Regulatory/Legislative Filings
June 19, 2017

Today a broad-based coalition of nonprofit groups filed a letter calling on the Federal Communications Commission (FCC) to reject a proposal from the cellular industry, filed by CTIA on Friday, to re-open and revise the rules finalized more than a year ago for a new Citizens Broadband Radio Service (CBRS) that opens a large frequency band of unused Navy spectrum for small area, high-capacity broadband innovation.

The coalition represents consumers, public institutions and small business users of broadband, and includes the Schools, Health & Libraries Broadband Coalition, Next Century Cities, Engine, the R Street Institute, the American Library Association and the National Hispanic Media Coalition. 

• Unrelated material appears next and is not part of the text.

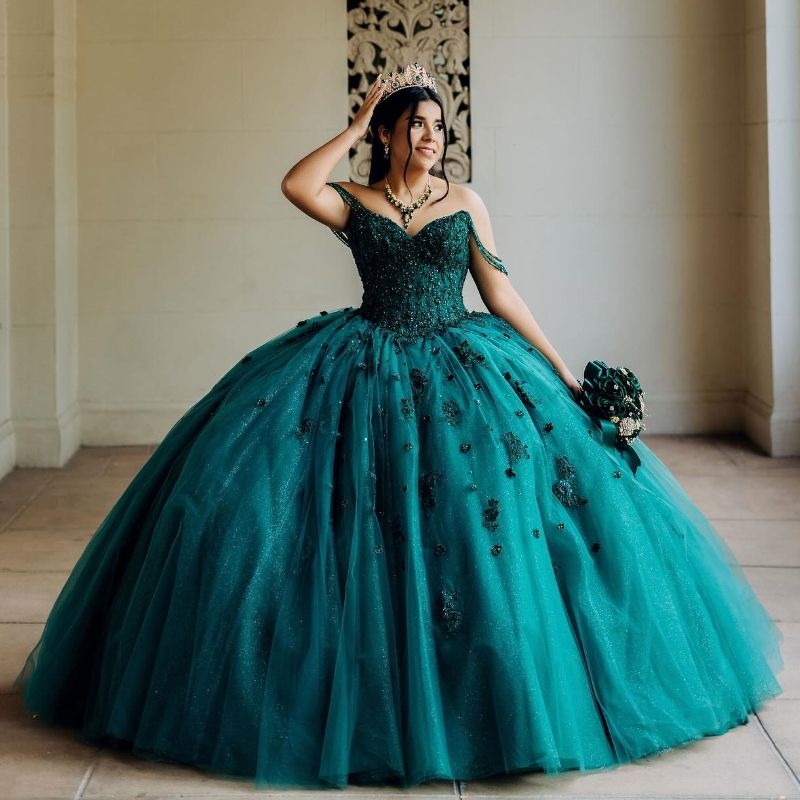 Blackish Green Ball Gown Quinceanera Dresses Lace Up Princess Beaded Birthday Party For Girl Graduation Vestido 15 De Sweet 16 Dress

The coalition asks the FCC to instead move rapidly to complete implementation of this historic innovation in spectrum policy, which opens unused military spectrum for sharing with Priority Access Licenses that are available for small areas (census tracts) and short terms, thereby making them more useful and affordable to smaller operators and to venues for indoor use. 

The Citizens Band represents a unique experiment that opens military spectrum for shared use, using a sensing network and geolocation database to protect the shipborne Navy radars from interference. A unanimous Commission initially adopted its innovative CBRS spectrum-sharing Order in 2015. 

The FCC finalized the issue more than a year ago, when the commissioners again voted 5 – 0 to adopt further rules, resolve petitions for reconsideration, and task industry stakeholders to develop a consensus on technical standards that includes Spectrum Access Systems capable of coordinating dynamic sharing, and a coastal sensing network capable of protecting U.S. Navy operations from harmful interference.

“CTIA is once again trying to ensure that licenses are too large and too expensive for anyone but the big incumbent cellular carriers,” said Michael Calabrese, who directs the Wireless Future Project at New America’s Open Technology Institute. “With consumers and so many other companies poised to benefit, it is deeply disappointing that the FCC might even consider such a fundamental change so obviously aimed at stifling wireless competition and innovation.”

“The CBRS framework allows even the smallest rural operators, market entrants and individual venues to access this small cell spectrum to pioneer or implement innovative new services,” the letter states.

As examples, the coalition letter describes deployments of affordable and high-capacity rural broadband networks, private “neutral host” LTE networks that offer seamless, high-bandwidth connectivity for customers of any cellular carrier inside venues, as well as a NASCAR virtual reality zone demonstrated at the Las Vegas Motor Speedway.